-- PROBLEM DESCRIPTION --
Keep the images out while you set down the data exactly.

-- INFORMATION SUPPLIED --
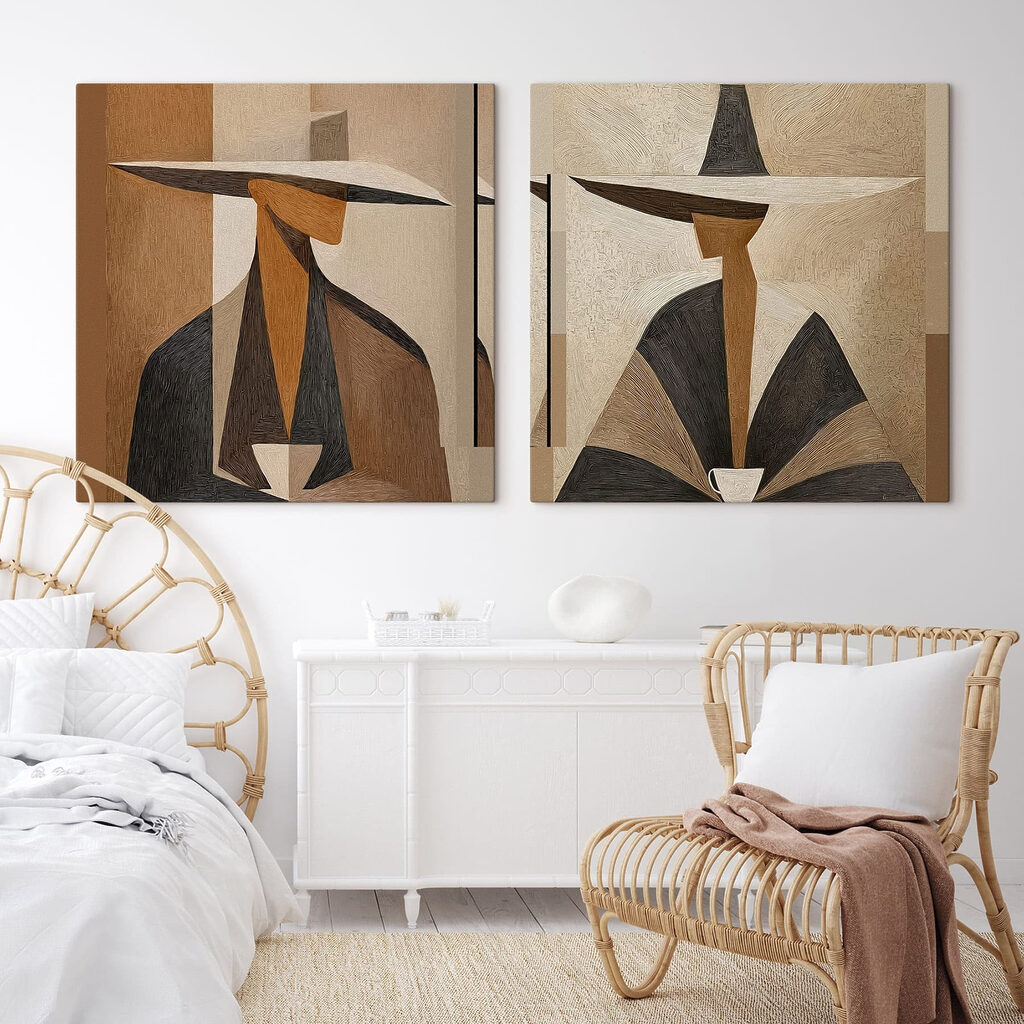 Frau mit großem Hut — Interieur 1
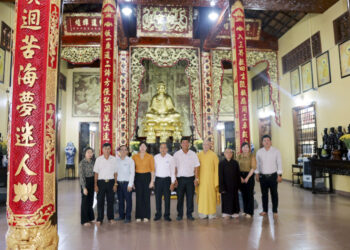 HUYỆN UỶ  VÀ CÁC CƠ QUAN HUYỆN THỦ THỪA THĂM VÀ  CHÚC TẾT BTS HUYỆN THỦ THỪA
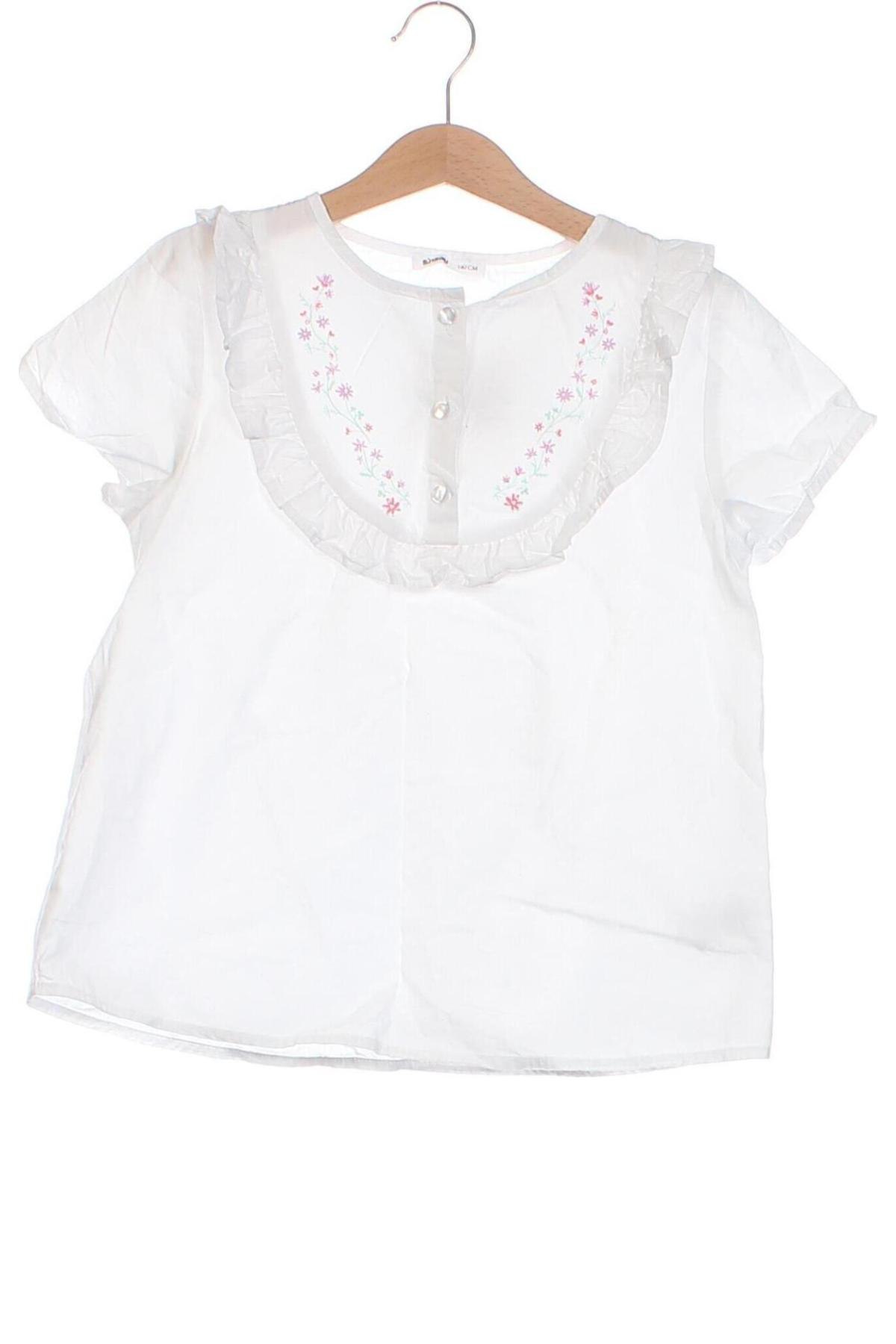Kinder Shirt Sinsay, Größe 8-9y/ 134-140 cm, Farbe Weiß, Preis € 5,01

-- RESPONSE TO THIS TASK --
 Frau mit großem Hut — Interieur 1
 HUYỆN UỶ  VÀ CÁC CƠ QUAN HUYỆN THỦ THỪA THĂM VÀ  CHÚC TẾT BTS HUYỆN THỦ THỪA
Kinder Shirt Sinsay, Größe 8-9y/ 134-140 cm, Farbe Weiß, Preis € 5,01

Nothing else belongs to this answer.